And that idea of equal reason was revolutionary and welcome.
But it also progressively destroyed the older ethical tradition. It unbalanced the system of virtues and led to the elevation of enlightenment reason.
The Kantian tradition in ethical philosophy, then, begins with a monomania for Prudence Only-a prudence worthy of Jeremy Bentham and the modern economists. In a not charming sense it is bourgeois. That such intemperate lunacy lies at the heart of the modern and anti-Aristotelian theory of ethics should give pause.
Universal reason gradually lost any sense of particular human lives or actual human dilemmas. It lost any sense of proportion or restraint or balance. In developing something which - at least in theory - could be applicable to intelligent beings on Alpha Centauri, it lost an essential part of what made us human.
"So great has been the influence within contemporary moral philosophy of Hume, Kant and the Utilitarians" (in advocating an egalitarian vision of the universally good person), Stuart Hampshire writes, "that it has been possible to forget that for centuries the warrior and the priest, the landowner and the peasant, the merchant and the craftsman, the musician or poet ... have coexisted in society with sharply distinct dispositions and virtues.... Varied social roles and functions, each with its typical virtues and its particular obligations, have been the normal situation in most societies throughout history.
The problem, says McCloskey, is there is nothing that grounds the Kantian categorical imperative, the univeralizing maxims. Why would a utility-maximizing being want to be universalistic as opposed to self-interested?
As Philippa Foot put it, Kant went wrong in not realizing that "the evaluation of human action depends ... on essential features of specifically human life."" In fact, as I have noted, the Kantian program is self-contradictory, which among Kantians is judged the worst sin.
Univeralism is not necessarily a good grounding for ethics. Instead, it has to be grounded in actual experience and judgement.
Both Kant and Bentham were sweet but notably inexperienced men. As Mill said of Bentham, "He was a boy to the last. Kant and Bentham had seen little of life. Neither of them had been married or had run a business or had carried a spear in the phalanx.
And in any case, she says, we learn ethics not by universal maxims, but by stories.
Guides to ethical life, to repeat, are achieved mainly through story and example.

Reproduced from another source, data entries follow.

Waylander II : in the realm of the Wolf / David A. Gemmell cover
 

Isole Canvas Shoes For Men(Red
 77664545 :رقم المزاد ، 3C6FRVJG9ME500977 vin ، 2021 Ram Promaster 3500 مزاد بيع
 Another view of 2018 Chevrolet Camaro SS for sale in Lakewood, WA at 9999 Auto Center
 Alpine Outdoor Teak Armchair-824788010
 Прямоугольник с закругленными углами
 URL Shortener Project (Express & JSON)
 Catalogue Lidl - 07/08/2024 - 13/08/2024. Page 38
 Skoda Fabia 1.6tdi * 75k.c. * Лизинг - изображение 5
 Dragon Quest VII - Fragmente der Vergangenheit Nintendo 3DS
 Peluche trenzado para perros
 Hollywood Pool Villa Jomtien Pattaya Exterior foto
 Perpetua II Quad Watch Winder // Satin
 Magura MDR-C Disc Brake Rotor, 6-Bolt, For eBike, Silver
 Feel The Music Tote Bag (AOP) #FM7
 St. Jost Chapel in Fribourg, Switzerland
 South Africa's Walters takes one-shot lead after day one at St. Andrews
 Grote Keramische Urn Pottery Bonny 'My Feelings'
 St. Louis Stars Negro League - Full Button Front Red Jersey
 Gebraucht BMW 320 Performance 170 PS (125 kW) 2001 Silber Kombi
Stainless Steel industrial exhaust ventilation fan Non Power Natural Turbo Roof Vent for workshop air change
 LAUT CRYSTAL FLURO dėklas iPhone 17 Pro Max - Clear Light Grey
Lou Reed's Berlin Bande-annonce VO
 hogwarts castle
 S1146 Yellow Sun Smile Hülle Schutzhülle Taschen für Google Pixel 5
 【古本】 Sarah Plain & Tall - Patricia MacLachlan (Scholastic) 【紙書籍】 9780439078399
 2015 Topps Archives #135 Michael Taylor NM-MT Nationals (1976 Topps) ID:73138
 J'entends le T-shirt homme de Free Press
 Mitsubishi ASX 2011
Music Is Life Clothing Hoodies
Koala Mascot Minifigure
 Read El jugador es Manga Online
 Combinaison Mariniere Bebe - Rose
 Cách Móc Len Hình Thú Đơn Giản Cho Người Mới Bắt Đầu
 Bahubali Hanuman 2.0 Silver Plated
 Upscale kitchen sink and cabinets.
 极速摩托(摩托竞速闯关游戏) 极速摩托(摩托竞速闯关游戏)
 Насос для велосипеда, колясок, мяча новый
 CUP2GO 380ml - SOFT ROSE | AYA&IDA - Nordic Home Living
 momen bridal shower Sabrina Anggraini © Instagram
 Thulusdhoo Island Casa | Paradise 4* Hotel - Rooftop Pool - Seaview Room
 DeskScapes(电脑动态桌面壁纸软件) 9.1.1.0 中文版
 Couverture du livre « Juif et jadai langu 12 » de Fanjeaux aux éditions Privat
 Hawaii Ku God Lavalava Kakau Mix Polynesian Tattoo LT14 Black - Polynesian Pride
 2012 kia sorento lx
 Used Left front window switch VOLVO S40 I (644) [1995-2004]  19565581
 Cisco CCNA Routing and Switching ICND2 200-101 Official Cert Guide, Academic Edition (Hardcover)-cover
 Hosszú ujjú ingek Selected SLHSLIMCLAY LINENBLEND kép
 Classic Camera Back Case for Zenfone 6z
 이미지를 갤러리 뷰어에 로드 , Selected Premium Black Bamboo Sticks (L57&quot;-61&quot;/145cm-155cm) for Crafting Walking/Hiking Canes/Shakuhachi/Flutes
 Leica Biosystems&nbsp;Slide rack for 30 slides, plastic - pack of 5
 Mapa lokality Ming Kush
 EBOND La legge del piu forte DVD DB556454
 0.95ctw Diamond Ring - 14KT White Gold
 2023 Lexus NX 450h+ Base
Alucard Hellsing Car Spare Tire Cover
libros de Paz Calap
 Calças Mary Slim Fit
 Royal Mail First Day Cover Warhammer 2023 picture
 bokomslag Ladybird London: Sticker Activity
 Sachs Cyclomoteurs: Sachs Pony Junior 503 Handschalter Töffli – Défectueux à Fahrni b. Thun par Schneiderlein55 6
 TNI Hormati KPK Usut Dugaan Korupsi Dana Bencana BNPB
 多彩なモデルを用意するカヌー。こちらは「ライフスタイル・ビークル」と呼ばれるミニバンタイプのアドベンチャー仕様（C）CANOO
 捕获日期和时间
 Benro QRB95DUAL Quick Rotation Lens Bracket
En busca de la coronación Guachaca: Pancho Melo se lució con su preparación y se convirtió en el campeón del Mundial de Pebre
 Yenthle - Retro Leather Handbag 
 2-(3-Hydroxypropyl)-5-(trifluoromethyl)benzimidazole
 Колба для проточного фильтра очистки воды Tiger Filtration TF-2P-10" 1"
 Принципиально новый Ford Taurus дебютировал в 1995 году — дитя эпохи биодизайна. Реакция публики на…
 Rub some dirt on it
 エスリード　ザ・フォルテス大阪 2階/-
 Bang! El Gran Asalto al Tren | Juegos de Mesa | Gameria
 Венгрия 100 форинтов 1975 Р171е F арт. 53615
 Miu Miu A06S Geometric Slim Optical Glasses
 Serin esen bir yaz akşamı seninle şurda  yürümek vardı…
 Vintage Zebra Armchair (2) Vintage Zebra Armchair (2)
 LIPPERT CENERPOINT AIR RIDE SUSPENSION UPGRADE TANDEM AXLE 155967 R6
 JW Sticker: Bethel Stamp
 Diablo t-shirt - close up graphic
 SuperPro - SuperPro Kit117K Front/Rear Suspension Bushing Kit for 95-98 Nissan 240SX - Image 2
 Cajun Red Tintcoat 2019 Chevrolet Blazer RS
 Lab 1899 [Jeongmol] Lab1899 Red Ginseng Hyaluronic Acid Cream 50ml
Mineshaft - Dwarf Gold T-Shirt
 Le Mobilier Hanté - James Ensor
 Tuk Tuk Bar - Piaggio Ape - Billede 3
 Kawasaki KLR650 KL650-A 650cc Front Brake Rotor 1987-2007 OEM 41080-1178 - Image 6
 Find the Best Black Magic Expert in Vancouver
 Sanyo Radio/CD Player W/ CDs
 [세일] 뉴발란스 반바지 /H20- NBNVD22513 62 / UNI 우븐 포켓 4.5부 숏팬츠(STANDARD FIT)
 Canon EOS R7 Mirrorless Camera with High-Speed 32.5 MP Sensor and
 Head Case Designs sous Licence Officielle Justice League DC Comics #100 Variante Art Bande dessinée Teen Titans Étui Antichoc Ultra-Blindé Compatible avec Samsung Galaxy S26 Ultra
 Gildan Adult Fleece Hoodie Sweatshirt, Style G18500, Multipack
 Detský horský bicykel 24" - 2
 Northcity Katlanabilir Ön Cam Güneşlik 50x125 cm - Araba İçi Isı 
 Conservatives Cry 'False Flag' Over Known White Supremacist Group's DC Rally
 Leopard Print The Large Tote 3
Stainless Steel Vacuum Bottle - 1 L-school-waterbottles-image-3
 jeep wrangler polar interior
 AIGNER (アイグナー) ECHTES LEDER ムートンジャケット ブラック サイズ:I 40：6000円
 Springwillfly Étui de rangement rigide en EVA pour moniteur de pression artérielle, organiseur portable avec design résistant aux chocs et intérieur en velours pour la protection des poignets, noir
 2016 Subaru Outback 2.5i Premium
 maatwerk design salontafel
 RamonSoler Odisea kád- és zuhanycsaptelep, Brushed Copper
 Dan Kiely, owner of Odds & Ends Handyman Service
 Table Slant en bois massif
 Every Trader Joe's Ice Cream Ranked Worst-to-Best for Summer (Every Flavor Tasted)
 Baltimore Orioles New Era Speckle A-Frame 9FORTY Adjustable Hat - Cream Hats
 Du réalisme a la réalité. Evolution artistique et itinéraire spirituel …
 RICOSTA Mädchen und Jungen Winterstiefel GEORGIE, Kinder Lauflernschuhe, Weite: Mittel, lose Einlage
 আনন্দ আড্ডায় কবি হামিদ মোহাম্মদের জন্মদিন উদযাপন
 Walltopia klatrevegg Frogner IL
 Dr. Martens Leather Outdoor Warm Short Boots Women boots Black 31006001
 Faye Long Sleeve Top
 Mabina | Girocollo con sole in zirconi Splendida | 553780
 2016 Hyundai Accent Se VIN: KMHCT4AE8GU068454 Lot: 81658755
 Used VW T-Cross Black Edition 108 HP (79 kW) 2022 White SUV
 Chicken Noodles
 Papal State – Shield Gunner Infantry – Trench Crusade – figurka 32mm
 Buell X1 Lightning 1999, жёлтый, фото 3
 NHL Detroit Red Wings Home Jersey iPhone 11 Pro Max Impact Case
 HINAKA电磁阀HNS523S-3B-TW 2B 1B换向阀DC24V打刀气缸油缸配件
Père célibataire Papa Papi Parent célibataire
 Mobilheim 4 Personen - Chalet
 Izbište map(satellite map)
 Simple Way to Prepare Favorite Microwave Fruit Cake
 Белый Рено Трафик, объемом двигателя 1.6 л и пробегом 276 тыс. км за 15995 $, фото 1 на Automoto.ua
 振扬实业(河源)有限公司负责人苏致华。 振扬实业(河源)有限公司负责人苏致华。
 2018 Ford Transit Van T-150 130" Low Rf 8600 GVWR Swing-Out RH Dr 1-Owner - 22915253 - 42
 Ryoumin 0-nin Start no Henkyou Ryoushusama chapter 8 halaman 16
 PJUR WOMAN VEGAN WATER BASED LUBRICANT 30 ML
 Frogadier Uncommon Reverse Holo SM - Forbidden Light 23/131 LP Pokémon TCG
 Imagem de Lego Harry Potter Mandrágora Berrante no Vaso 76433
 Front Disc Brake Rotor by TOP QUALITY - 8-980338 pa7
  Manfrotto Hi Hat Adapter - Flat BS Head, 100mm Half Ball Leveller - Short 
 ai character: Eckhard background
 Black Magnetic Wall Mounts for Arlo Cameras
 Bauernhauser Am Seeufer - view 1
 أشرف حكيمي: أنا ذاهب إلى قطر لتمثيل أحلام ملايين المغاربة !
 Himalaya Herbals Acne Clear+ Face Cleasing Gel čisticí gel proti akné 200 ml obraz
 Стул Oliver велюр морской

As Robert Hariman puts it: What to do? One typical [modern] response is to look for rules: what would any rational person do in this situation? ... There was another approach familiar to the classical thinkers, however, which was to look to exemplars: how have other individuals managed situations such as this one?
People ultimately want examples, stories, insights, judgments, dialogue: not maxims.
It has been a three-century long dead end. This is something I've been grasping towards since the beginning of this blog.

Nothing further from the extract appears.